Almost a week ago, director Todd Phillips dropped a creeper of a show. DC comic book fans around the world became transfixed by Joaquin Phoenix organically transforming into the maniacal menace loathed and loved: The Joker. The two-minute trailer became instantly divisive on social media, with many wondering whether the world really needs another origin story that sympathizes with a mass-murderer. Check out the trailer for yourself below, and then read on for some frame-by-frame commentary.
00:00-00:04 – An establishing shot of a city skyline as dusk approaches. If this is Gotham, it’s not the gloomy, seedy, Gothic-inspired metropolis audiences are accustomed to. Perhaps Gotham City was just like any other bustling city filled with opportunity and hope before the darkness settled in permanently. Does this imply that Joker somehow caused Gotham’s bleak facelift?
00:05-00:12 – A female voiceover questioning someone named Arthur is provided before cutting to Joaquin Phoenix’s Joker sitting opposite his presumed therapist. The woman asks whether it “helps to have someone to talk to,” which in turn derives a pleased smirk from Joker. Clearly, this Arthur character appreciates an audience. The name Arthur is typically linked to men of stature, nobility, and honor – none of these qualities fit the Joker we’ve come to fear. Is this man we’re being introduced to someone of inherent goodness whose mental illness gets the better of him?
00:13-00:32 – The next segment depicts Arthur walking aimlessly through the streets, eventually arriving at his lonely apartment where he recalls memories via voiceover of his mother, played by the vigorous Frances Conroy. The resounding advice Joker remembers from his mother – who we can probably assume has passed away – is to keep on smiling and radiate his internal happiness to others. A codependent relationship to a mother who appears to be his only champion doesn’t seem like a good preparation for adult life.

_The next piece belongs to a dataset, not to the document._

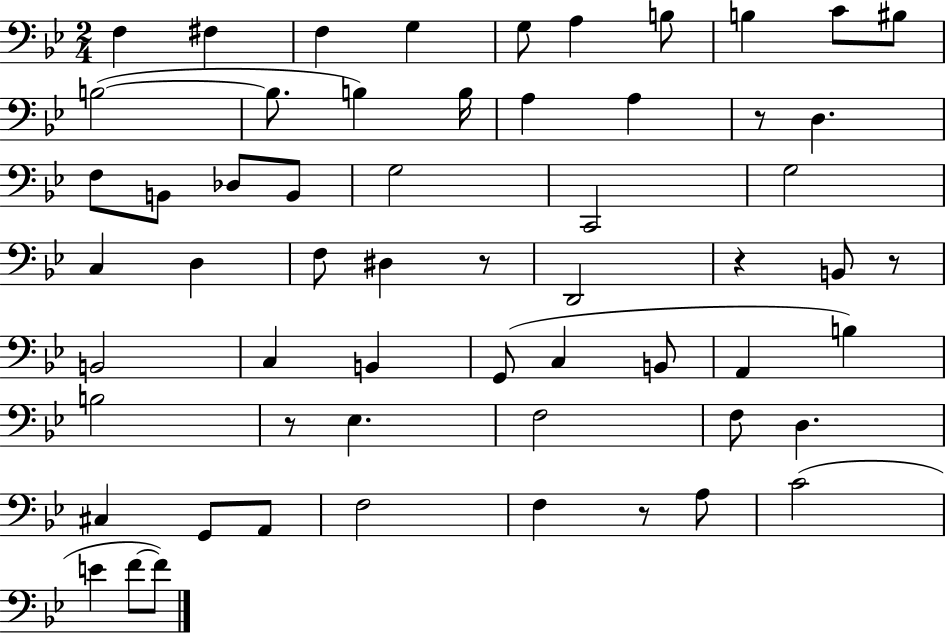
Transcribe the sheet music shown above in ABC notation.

00:33-00:42 – Here we witness Arthur making an honest living; he’s twirling a sign alerting passersby of a store liquidation while donning a clown suit. A local group of men steal Arthur’s sign and then attack him when confronted. Joker seems traumatized by the encounter, unable to comprehend the random hostility of others.
00:43-1:12 – Joker addresses his concerns to the audience that society is becoming a crazier place. In his twisted mind, the only way to succeed is to conform but on his own terms. The next several frames are stitched together as a montage set to Jimmy Durante’s “Smile.” Arthur/Joker meets a character played by Zazie Beetz at a diner, who either plays a friend or potential love interest. Then he’s seen heading to Arkham State Hospital, our first confirmation that this story is indeed set in Gotham City. Joker looks visibly uncomfortable in the next shot: he’s in an ambulance as a strapped-in patient is convulsing on a gurney. Following that, Arthur is seen behind an interaction cage, asking “What?” in response to Brian Tree Henry’s character, either a visiting friend or hospital employee. From all appearances, it appears as though Arthur voluntary commits himself, or perhaps he’s there for exploitative research purposes.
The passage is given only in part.